Not shocked at all. Based on Trump comments, it seems that they're going to do whatever they can to keep reports low for political reasons. It's sad that this sort of thing happens.

But what's even more sad is Trump's messaging, declaring the US has among the best numbers in the world. Has no one told him that high numbers are NOT the best when talking about a deadly pandemic!

I'm pretty sure what Trump is doing to tout low fatality numbers is to take the current daily death rate divided by the current daily new cases. When you look at it that way the "fatality rate" has gone down almost a factor of ten according to him. Checking this myself you can see that our highest death rate was around April 21st with 2700 deaths with 26,000 new cases or a little over 10% while it's been as low as 600 deaths with 46,000 new cases (a little over 1%). I would be curious who around him clued him into this math trick that makes rising case counts a good thing. 

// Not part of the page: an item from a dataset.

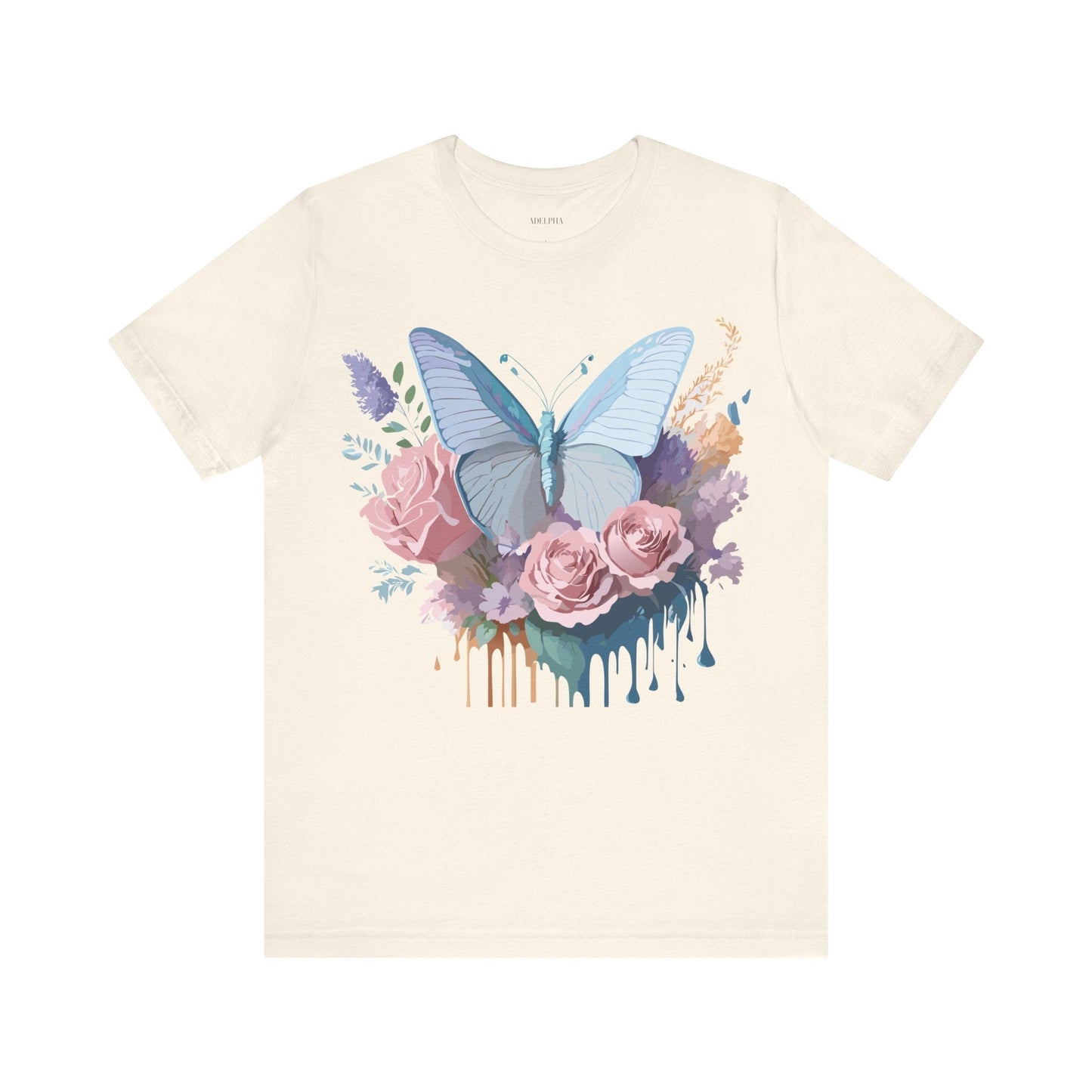 Butterfly Graphic Unisex 100 Cotton Lightweight Vintage Floral Design Jersey Tee 36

The thing is death lags by upto a month or there abouts.
So deaths your seeing now, are from "daily new cases" a month ago.

Go back to early June, and the USA was at around ~20,000-25,000 cases daily.
So it makes "sense" that the USA only had 935 deaths yesterday to Corona virus.

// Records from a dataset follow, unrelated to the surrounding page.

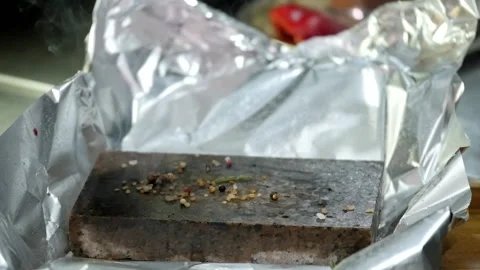 Volcanic Stone for Cooking Meat Stock Footage 132107890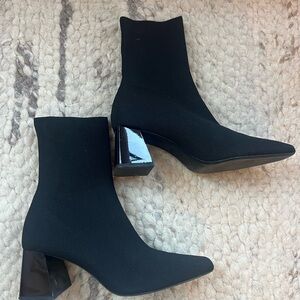 Zara Woman Black Knit Pull On Sock Boot Block Heel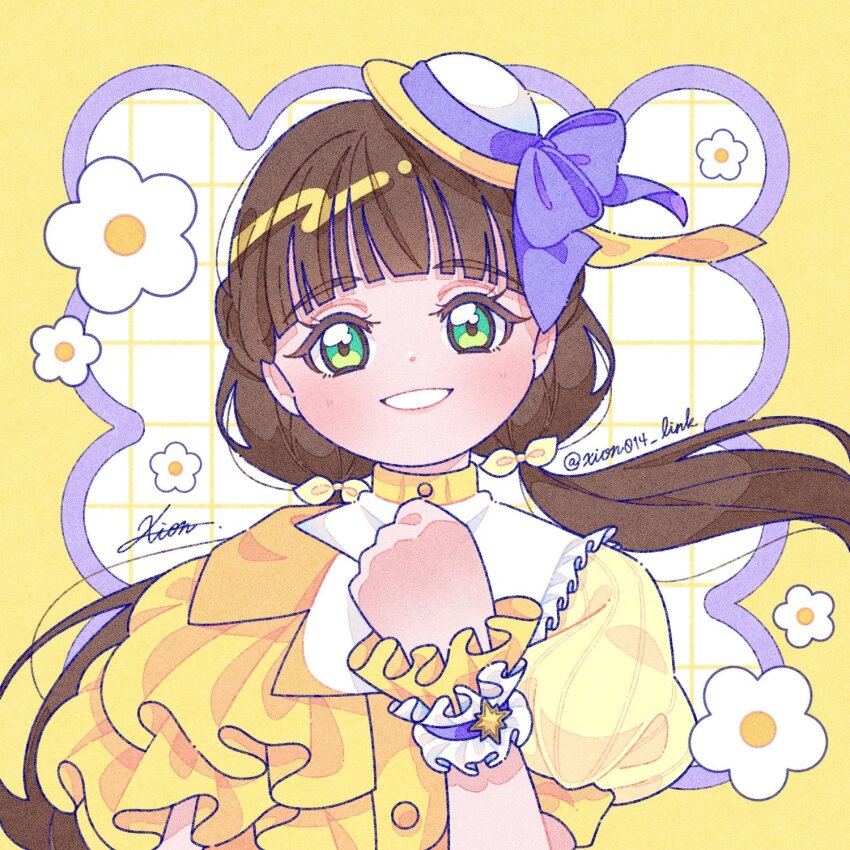 1girl, arched_bangs, asymmetrical_dress, blush, border, bow, brown_hair, commentary_request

Now, then factor in that most of this is going to be happending from states were they dont report "probably or likely" cases even if a doctor is more or less sure, covid19 is what killed them. Only if they had a actually test come back possitive before death, do they get maked down as deaths caused by it.  Real numbers, are likely 20% higher.

Time:
Incubation periode  2-13 days  (avg 6-7days)
Symptomatic  7-14 (sometimes upwards of 21) days (varies from person to person)
complications (you go to the hospital)   xx-yy days
ICU (it got worse even with the hospital helping) xx-yy days

You can see, that deaths from today.... are (in alot of cases) from infections more than a month ago.

"I'm pretty sure what Trump is doing to tout low fatality numbers is to take the current daily death rate divided by the current daily new cases."

^ I hope Trump isnt that stupid, no one should be that dumb.


Basically  from 20,000-25,000 (a month ago) to now 65,000+ daily, is a rise of 2,6x - 3.2x.

This means that in August (next month) you should be seeing  2430 to 3040 deaths daily. 
(todays deaths, times the rise, tomorrows(month from now) deaths)
(real numbers likely to be 20-30% higher)


*edit:
This is assumeing, that your hospital system keeps doing as well as it is currently doing.
What we re hearing in the news, is that the hospitals are running out of space/bed, and cant care for everyone equally, and are starting to offer "crisis care" were they pick and choose, who they want to spend efforts safeing. We're also hearing that "couple dozens" of patients at some hospitals are waiting hours, before getting a bed+care. Imagine haveing trouble breathing, when you come in with corona, and your being told "wait a moment" and they come back 2hours lateron, and your dead sitting in your chair.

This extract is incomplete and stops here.